The classification model used was the Deep Neural Network (deep neural networks) which consists of computational models based on mathematical calculations capable of performing machine learning and visual pattern recognition.

The burnt area mapping algorithm consisted of two phases: training and prediction. Based on the burnt and unburnt training samples, the following spectral bands were used as input to the burnt area classification model: red (RED - 0.65 µm), near infrared (NIR - 0.86 µm) and short wave infrared (SWIR 1 - 1.6 µm and SWIR 2 - 2.2 µm). In addition to these selected spectral bands, the Landsat bands 2 to 7 and the NDVI (Normalized Difference Vegetation Index), NBR (Normalized Burn Index) and Delta NBR indices were tested. These spectral Landsat bands were chosen based on their sensitivity to fire events. The training data input was divided into two sets: 70% of the samples used for training and 30% for testing.


After training and testing the model, the classification was applied with Landsat images fortnightly for the entire period of analysis (1985 to 2019). A spatial filter was applied to remove noise and fill small empty gaps: areas smaller than or equal to 1.4 hectares (16 pixels) were removed, and empty gaps smaller than or equal to 5.8 ha (64 pixels) were filled as areas burned.

After evaluating the classification results, post classification filters were also applied, removing pixels that were in the following land cover and land use classes from the MapBiomas Collection 6 in the biomes:

Amazon: Water, Urbanized Area and Rocky Outcrop;

Caatinga: Water and Rocky Outcrop;

Cerrado: Water and Urbanized Area;

Atlantic Forest: Water, Urbanized Area and Rice;

Pampa: Rice, Soybeans, Other Temporary Crops, Urbanized Area and Water;

Pantanal: Water, Soybeans and Other Temporary Crops;

As Deep Learning methods require large  computational processing, implementations were based on graphics processing units (GPUs) and specialized hardware components to perform parallel arithmetic operations. Access to GPUs in a virtual machine environment was implemented on the Google Cloud Platform (, a set of cloud computing services provided by Google.
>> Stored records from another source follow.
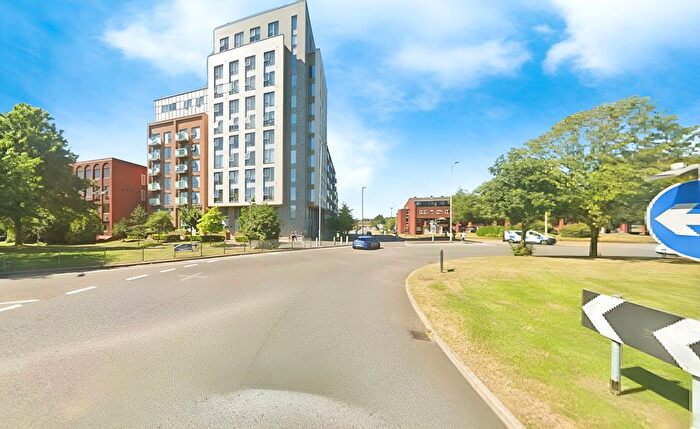 2 Bedroom Flat To Rent In Franklin Court, Brook Road, Borehamwood, WD6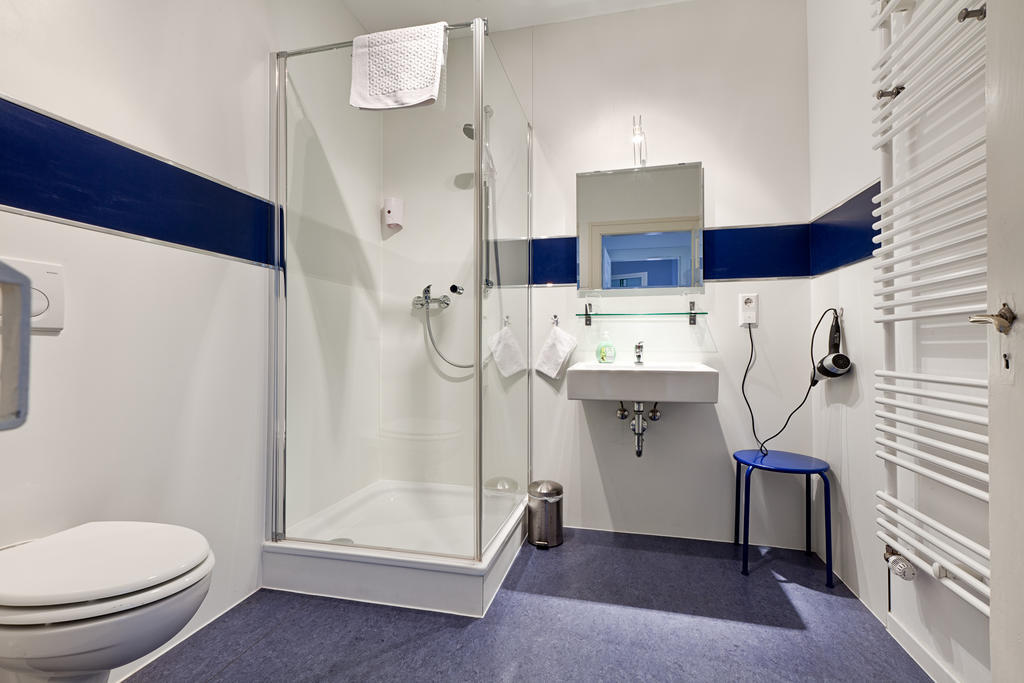 Pensionsieben Das Andere Hotel Lorrach Room photo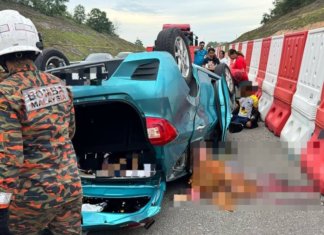 Perodua Axia terbabas lalu terbalik, seorang maut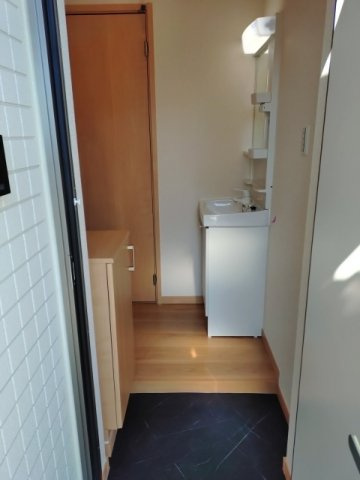 ホワイトパレット品川二葉Ⅱの玄関
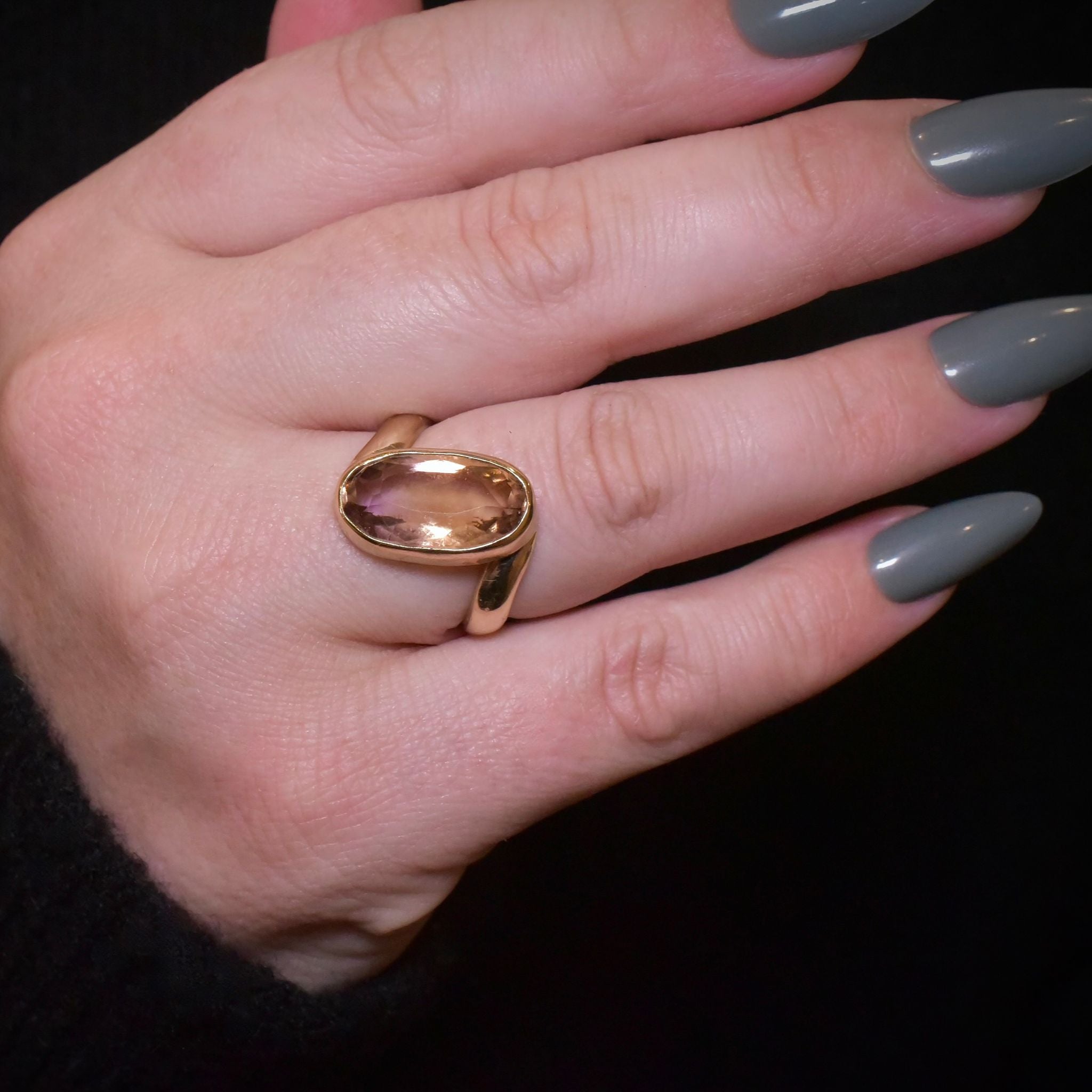 Fabulous 9ct Yellow Gold And Ametrine Ring - Sheffield 1998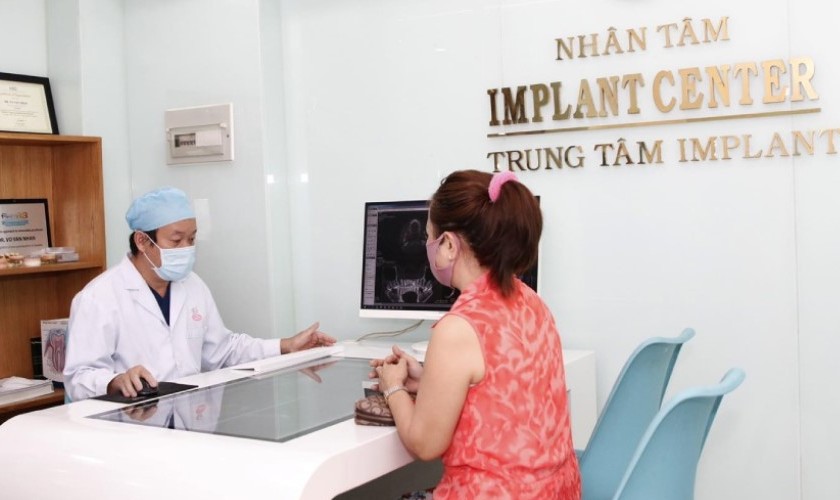 Bệnh nhân tư vấn điều trị mất răng tại Trung tâm Implant Việt Nam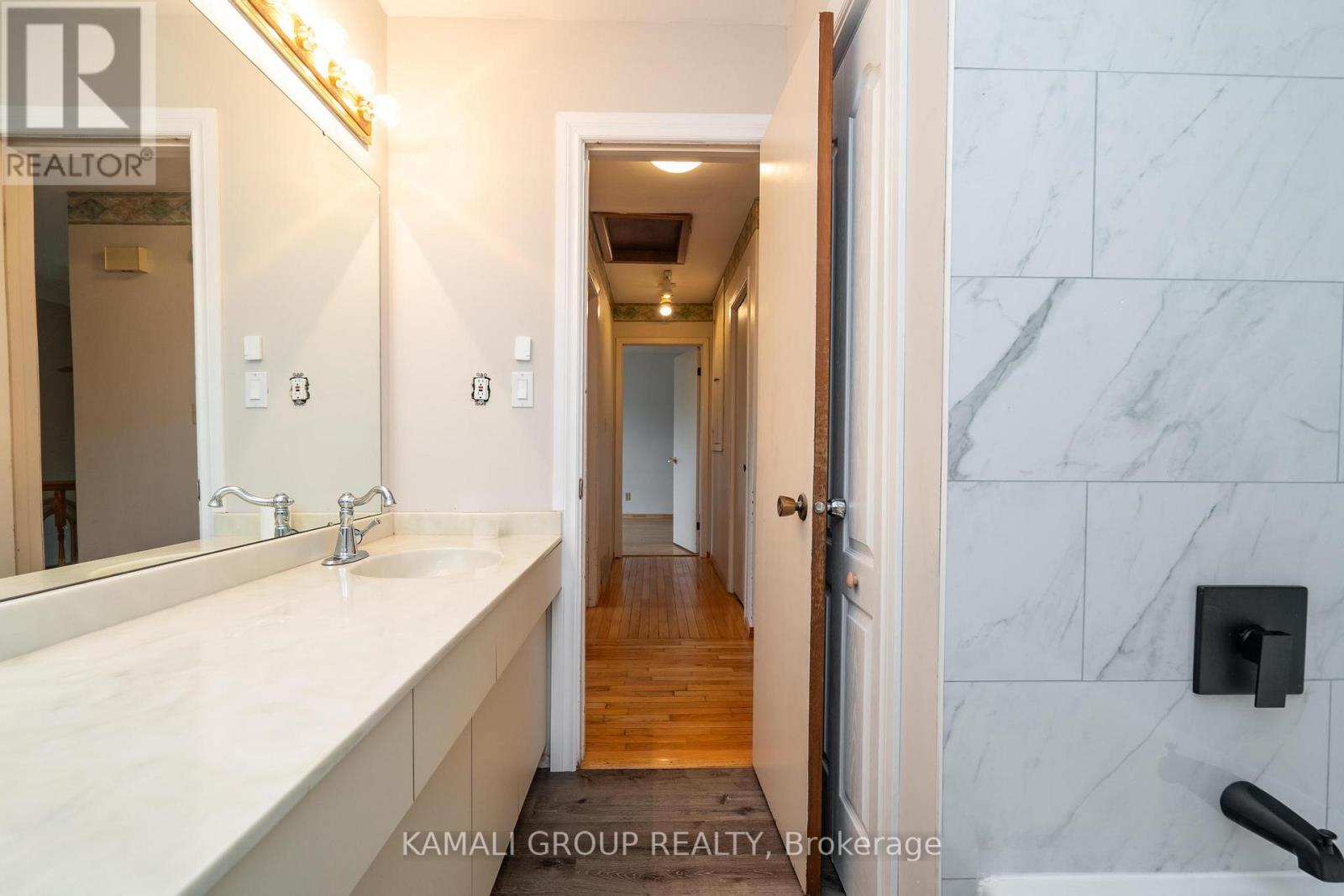638 Carlton Street, St. Catharines, Ontario  L2M 4Y5 - Photo 14 - X12449889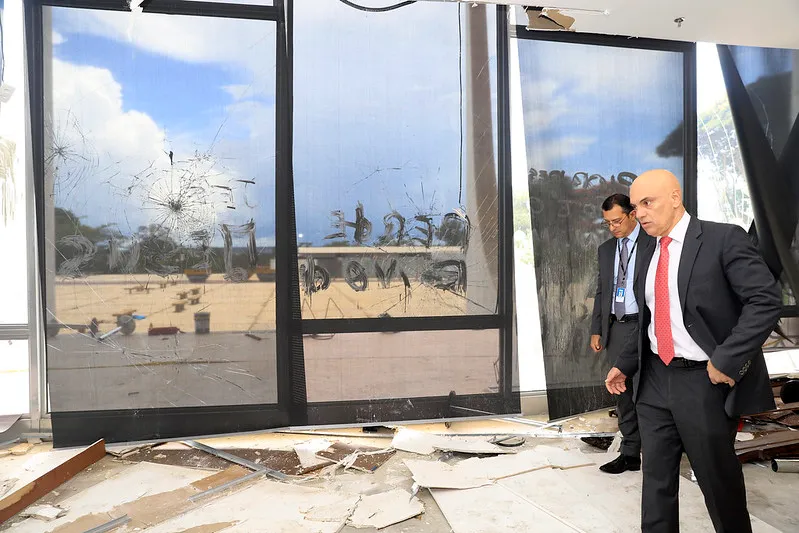 Moraes visita sede do STF após os ataques de 8 de janeiro de 2023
To obtain the information of the month the fire scar was mapped, post-classification processing was performed to retrieve the date information of the pixel that was burned, from the date of the pixel in which the annual mosaic was constructed from of the minimum NBR.


Evaluations of the classification of fire scars were carried out with monthly Landsat images, with visual inspection, statistics and relationship with land use and land cover, in addition to comparison with reference maps (MODIS and INPE).
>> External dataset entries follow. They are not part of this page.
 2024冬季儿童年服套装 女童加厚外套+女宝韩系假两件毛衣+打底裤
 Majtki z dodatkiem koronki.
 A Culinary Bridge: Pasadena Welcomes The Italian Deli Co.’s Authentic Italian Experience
The validation of the burnt area mappings was carried out by biome, considering the years 2007, 2011 and 2019. Each of the biomes was divided into areas of 2 km by 2 km, spatially integrated with the data of burnt areas from the FIRMS (Fire Information for Resource Management System -, for the same years, where the sampling units were grouped into 4 categories: without fire occurrence, with up to 32% fire occurrence, with occurrence of fire between 32% and 70% and with occurrence of fire above 70%.

Then, the validation sampling units for each category, year and biome were randomly selected.
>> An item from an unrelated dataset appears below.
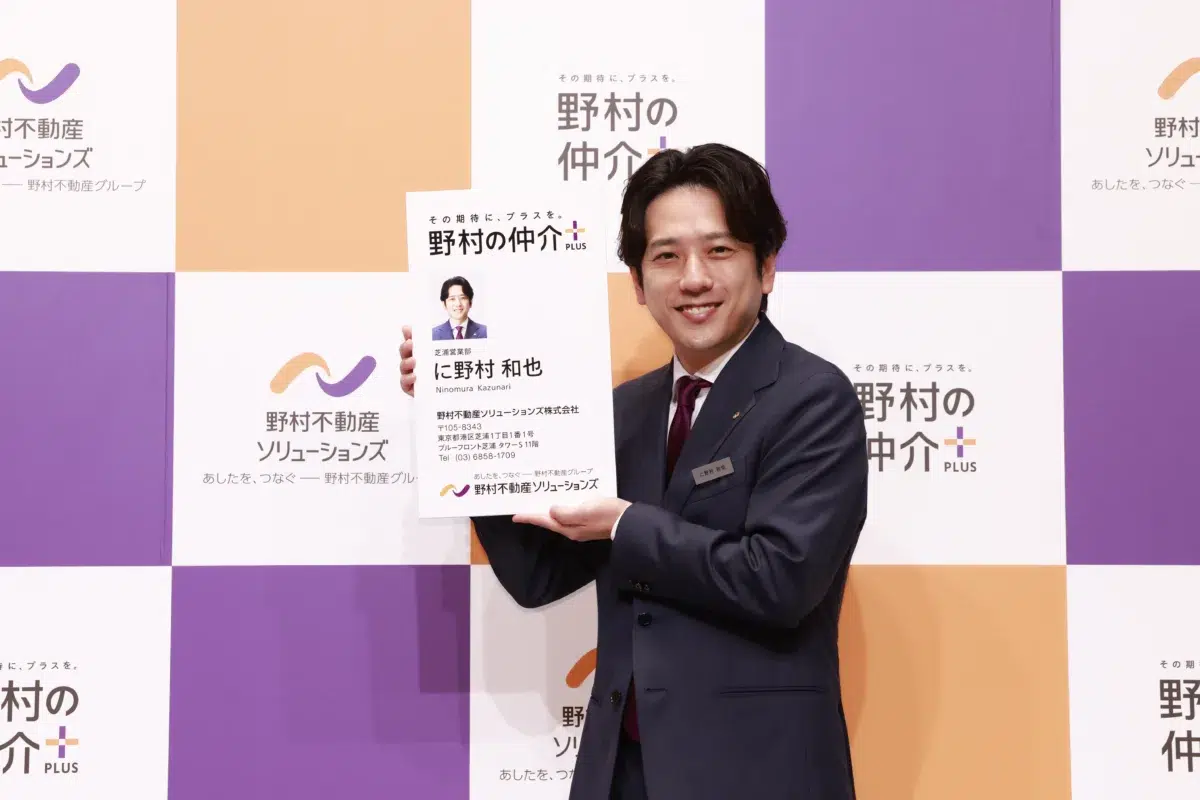 【二宮和也】人生初の会社員に！？「野村の仲介プラス」新CM発表会で社長直々の辞令交付！相葉雅紀との遭遇エピソードも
For each selected sampling unit, a Landsat image of minimum annual NBR was extracted. Then, automatic segmentation of all images from the selected sampling units was performed. The segments were interpreted in order to clarify which had the occurrence of fires. After the interpretation of all segments, their centroids were obtained (validation points)

The validation points (fire and non-fire) were spatially integrated with the MapBiomas Fogo mappings, making it possible to assess the qualities of the mappings and obtain the accuracy of the classification.